Scientists are aimed at scaling MDGen from modeling particles to predict how proteins change over time. “We are currently using toy systems,” says Stärk, also a PhD student at CSAIL. “To strengthen MDGEN predictive capabilities for protein modeling, we will have to rely on the current available architecture and data. We do not have a YouTube repository yet for this type of simulation, so we hope to develop a separate machine learning method that can accelerate the process of data collection for our model.”
For now, MDGen presents the encouraging path forward in modeling molecular lesions invisible in the naked eye.

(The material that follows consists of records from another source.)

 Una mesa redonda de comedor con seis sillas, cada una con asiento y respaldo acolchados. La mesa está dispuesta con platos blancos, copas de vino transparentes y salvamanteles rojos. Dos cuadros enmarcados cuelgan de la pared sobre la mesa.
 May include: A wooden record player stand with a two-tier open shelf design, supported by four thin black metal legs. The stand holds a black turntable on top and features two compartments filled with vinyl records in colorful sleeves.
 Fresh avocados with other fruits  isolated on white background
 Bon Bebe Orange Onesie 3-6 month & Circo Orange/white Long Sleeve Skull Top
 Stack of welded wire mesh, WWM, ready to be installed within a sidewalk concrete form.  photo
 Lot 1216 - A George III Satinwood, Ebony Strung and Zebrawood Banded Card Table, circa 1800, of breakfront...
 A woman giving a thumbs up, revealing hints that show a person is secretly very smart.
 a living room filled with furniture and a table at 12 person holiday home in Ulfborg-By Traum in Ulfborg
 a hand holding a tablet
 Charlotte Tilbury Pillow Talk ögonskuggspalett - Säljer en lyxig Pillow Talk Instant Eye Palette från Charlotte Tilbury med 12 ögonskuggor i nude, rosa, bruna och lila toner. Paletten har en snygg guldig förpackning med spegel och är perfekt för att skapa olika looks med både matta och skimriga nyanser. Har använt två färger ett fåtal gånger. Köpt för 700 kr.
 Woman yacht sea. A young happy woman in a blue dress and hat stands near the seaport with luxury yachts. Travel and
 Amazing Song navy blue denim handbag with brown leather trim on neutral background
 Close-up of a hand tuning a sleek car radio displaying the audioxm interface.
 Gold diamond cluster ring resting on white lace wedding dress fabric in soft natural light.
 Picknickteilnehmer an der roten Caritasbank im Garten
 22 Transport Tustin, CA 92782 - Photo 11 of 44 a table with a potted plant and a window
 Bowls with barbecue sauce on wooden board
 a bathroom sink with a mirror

Chemists can also use these simulations to delve into the behavior of medicine prototypes in the case of diseases such as cancer or tuberculosis.
“Methods of machine learning that learn from physical simulation are a new new limit in artificial intelligence for science,” says Bonnie Berger, professor MIT Simons Mathematics, the main CSAIL researcher and senior author in the newspaper. “MDGEN is a versatile, multi -functional framework that combines these two domains, and we are very excited about sharing our early models in this direction.”
“Trying realistic transition paths between molecular states is the main challenge,” says colleague, elderly author Tommi Jaakkola, who is Professor Mit Thomas Siebel Electrical Engineering and Computer Science, as well as the Institute of Data, Systems and Society, and the main CSAIL researcher. “This early work shows how we can start solving such challenges by transferring generative modeling to full simulation waveforms.”
Scientists from the entire field of bioinformatics heralded this system due to its ability to simulate molecular transformation. “MDGen models molecular dynamics simulations as a joint distribution of structural embedded, capturing molecular movements between discrete time stages,” says Professor Chalmers University of Technology Professor Simon Olsson, who was not involved in the study. “Using the masked learning goal, MDGEN enables innovative use cases, such as taking a transition path samples, drawing analogies to trajectories related to metastabilic connection.”
The work of scientists on MDGEN was partly supported by the National Institute of General Medical Sciences, United States Department of Energy, National Science Foundation, Machine Learning for Pharmaceutical Discovery and Syntisis Consortium, Abdul Latif Jameel Clinic for Machine Learning in Health, Agency Reduction Defense threats and the Advanced Research Projects defense agency.